Speaker
Description
Physics-based model order reduction presents a great potential for digital twins, providing highly accurate yet efficient approximations to solutions of parametrized partial differential equations. However, embedding such physics-based reduced order models in digital twin frameworks presents significant challenges. In this talk, we consider some of these challenges (as well as opportunities), particularly in the context of multi-scale materials.
In the first part, we consider model order reduction for two-scale materials simulations. Two-scale simulations are often employed to analyze the effect of the microstructure on a component’s macroscopic properties. Understanding these structure–property relations is essential in the optimal design of materials, or to enable (for example) estimation of microstructure parameters through macroscale measurements. Since these two-scale simulations are typically far too expensive computationally to use in digital twins, we explore the use of parametric MOR. To this end, we briefly present some recent work on a reduced basis methods to construct inexpensive surrogates for parametrized microscale problems, and also highlight difficulties for MOR presented by nonlinear constitutive relations in (multi-scale) problems in mechanics.
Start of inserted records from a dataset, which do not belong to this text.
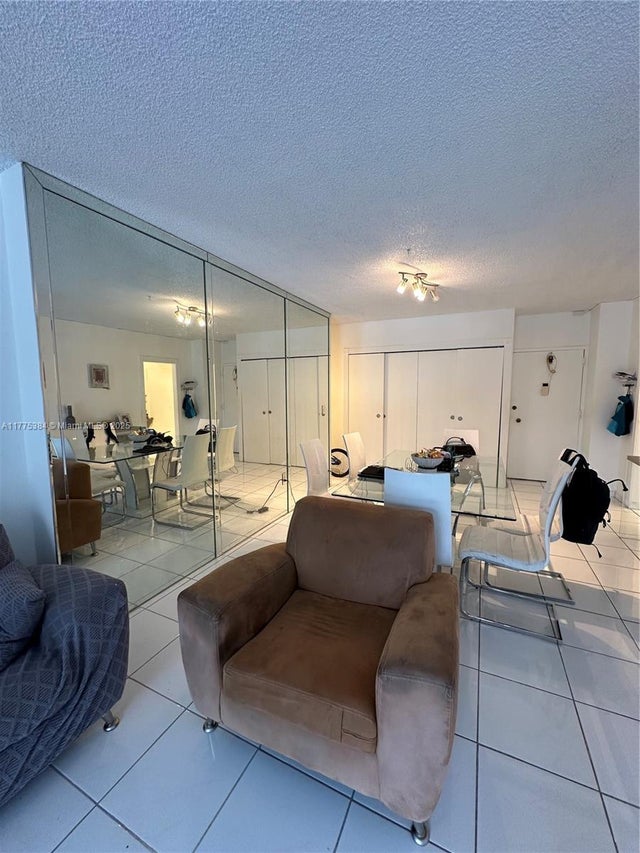 4 of 34 - 500 Bayview Dr 217, Sunny Isles Beach, FL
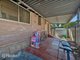 Photo - 12 Lee Street, Morley WA 6062 - Image 12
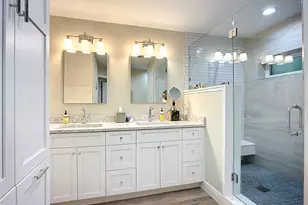 620 North Point Dr, Holmes Beach, FL 34217 - Photo 43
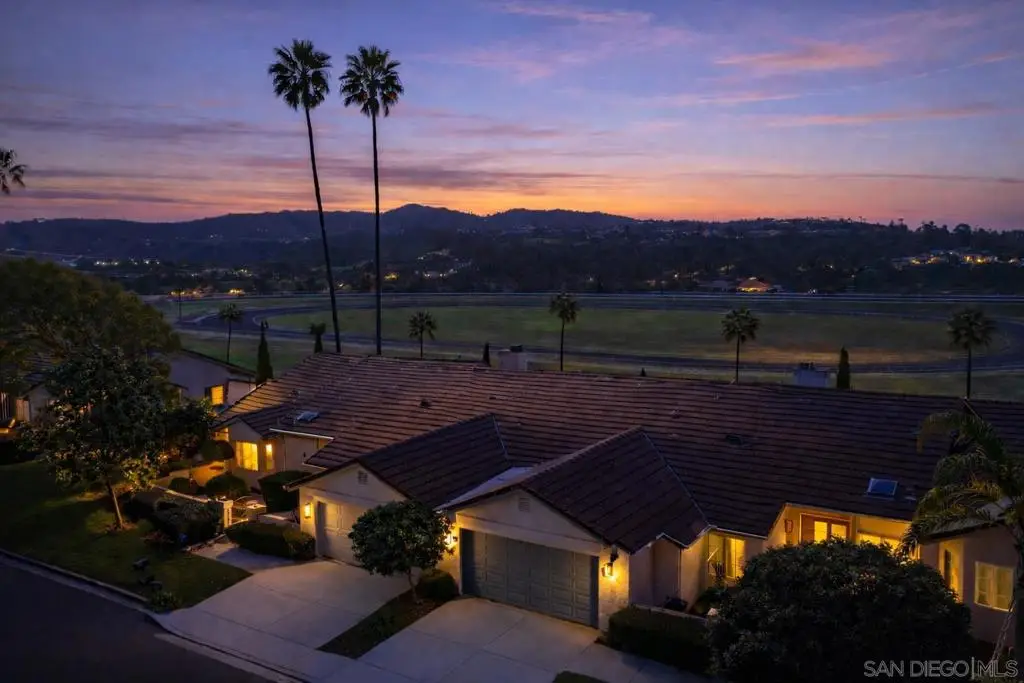 56 Via Casitas, Bonsall, CA 92003 - #1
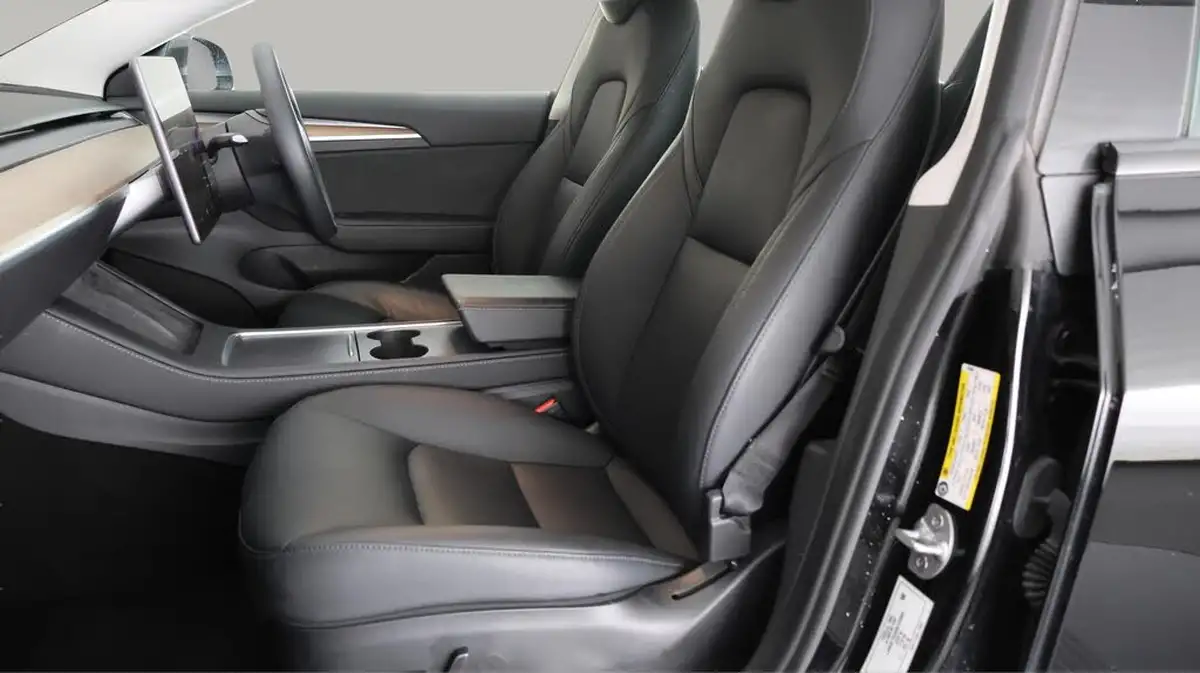 2021-tesla-model-3-e-long-range-4x4-big-14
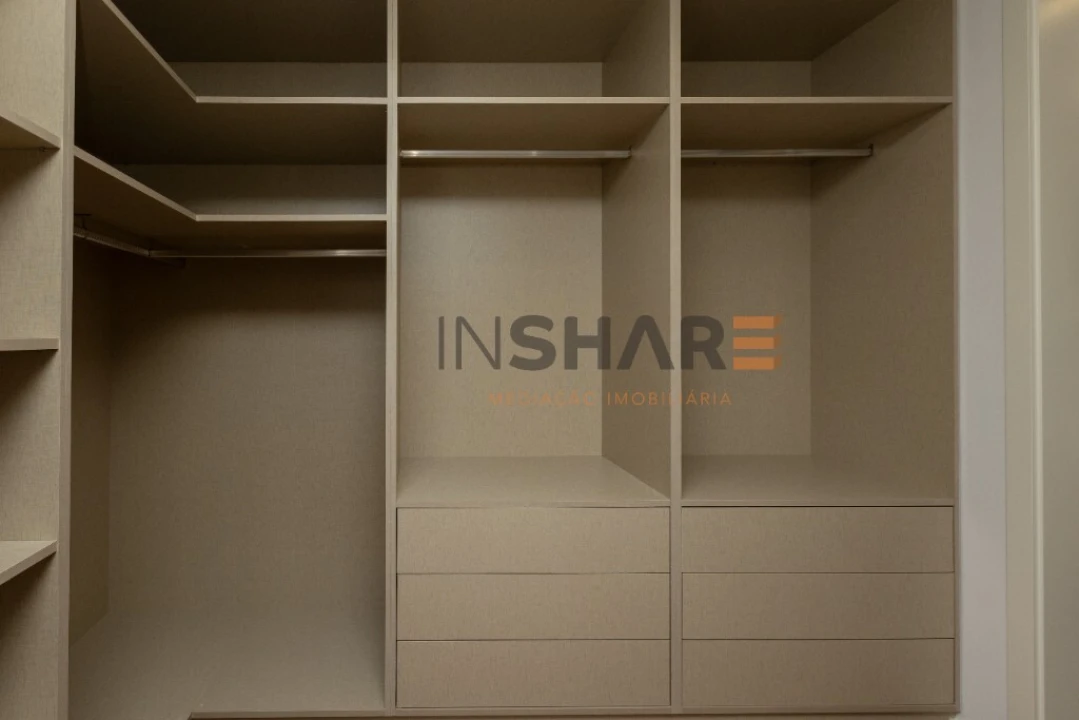 Moradia T3 para Venda em Loureira Foto 25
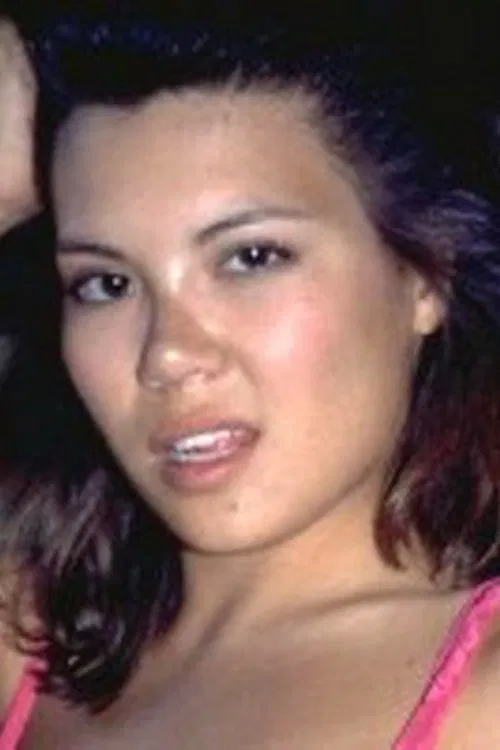 Brooke Ashley profile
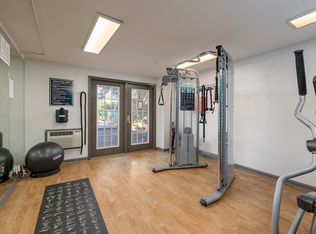 Highland View Apartments, Atlanta, GA 30306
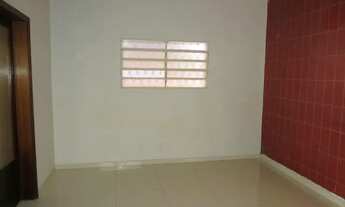 Imagem 5: Casa para aluguel, 4 quartos, 4 vagas, Centro - Piracicaba/SP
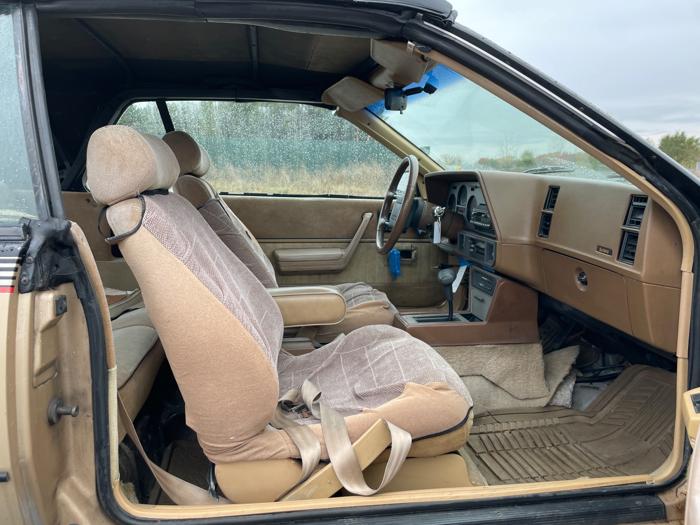 1986 pontiac sunbird gt with 145298 miles for sale near elk-river, minnesota b5cad7cda2474879948e1b53808102cb.jpeg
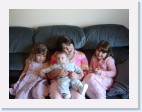DSC01353 * 2048 x 1536 * (1.57MB)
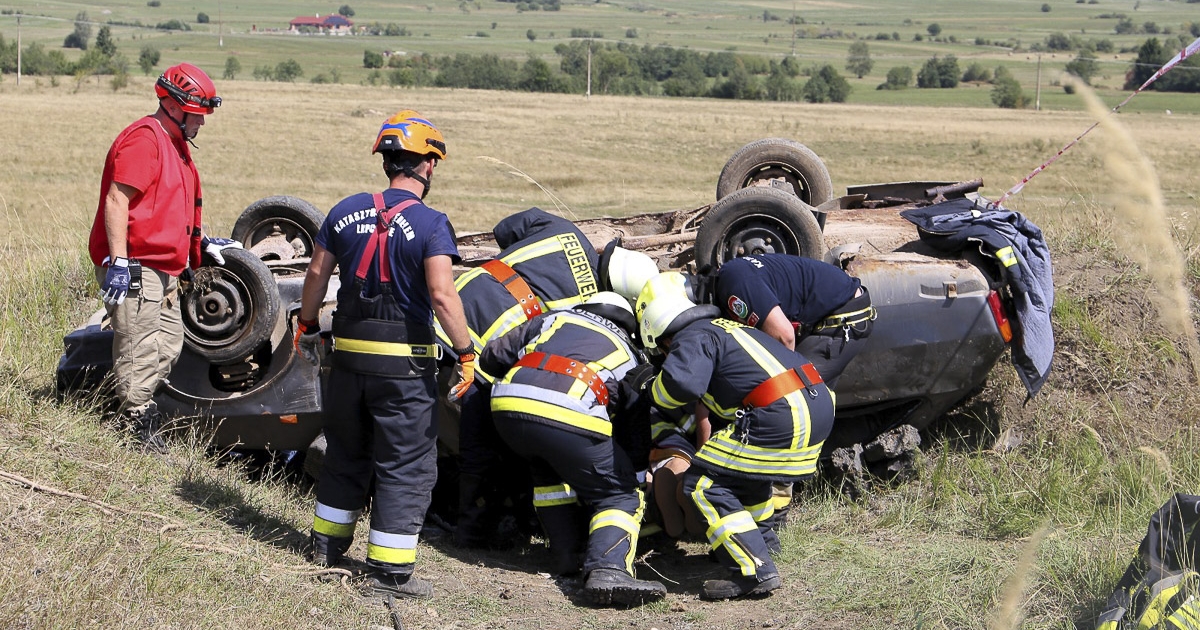 Nemzetközi gyakorlat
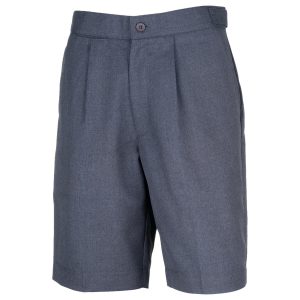 Catholic C Sale Senior Shorts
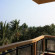 Travancore Palace Beach Resort 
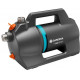 Gardena 5400 Silent Pompe de jardin 09086-20
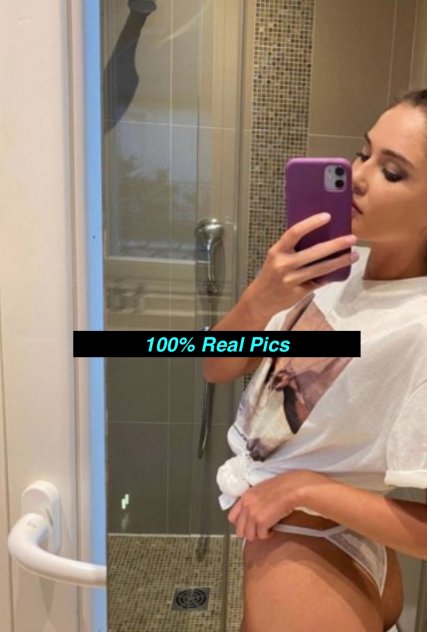 🔴🔴 Sexy New Young 🔴🔴 Escorts Brooklyn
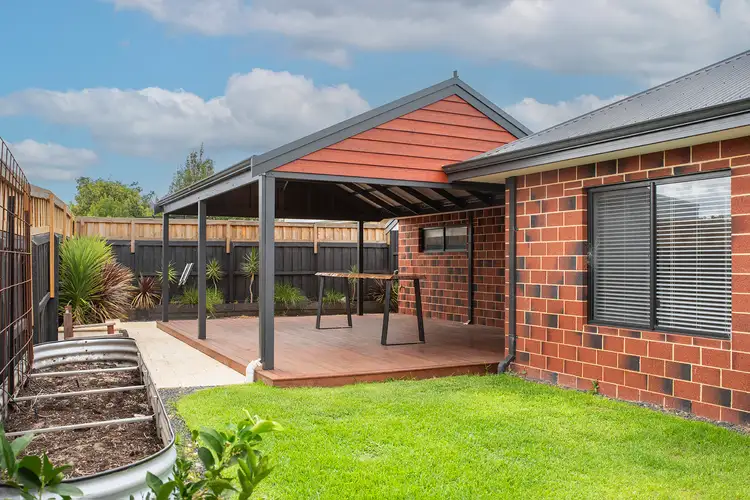 4 Price Street, Margaret River WA 6285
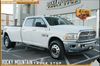 2015 Ram 3500 Laramie CREW CAB LONG BED DRW RWD | Austin, TX | Rocky Mountain Truck Stop Austin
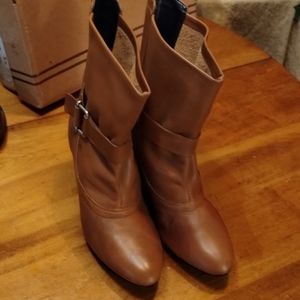 Michael Shannon Boots (8)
In the second part, we discuss the embedding of reduced order models in inverse and data assimilation problems, which are essential in digital twins. We will delve into strategies to mitigate the approximation error, to reduce both the offline and online computational cost, and to choose the most informative data. Finally, in conclusion, we offer insights into how we can further enhance and exploit the power of model order reduction in digital twins.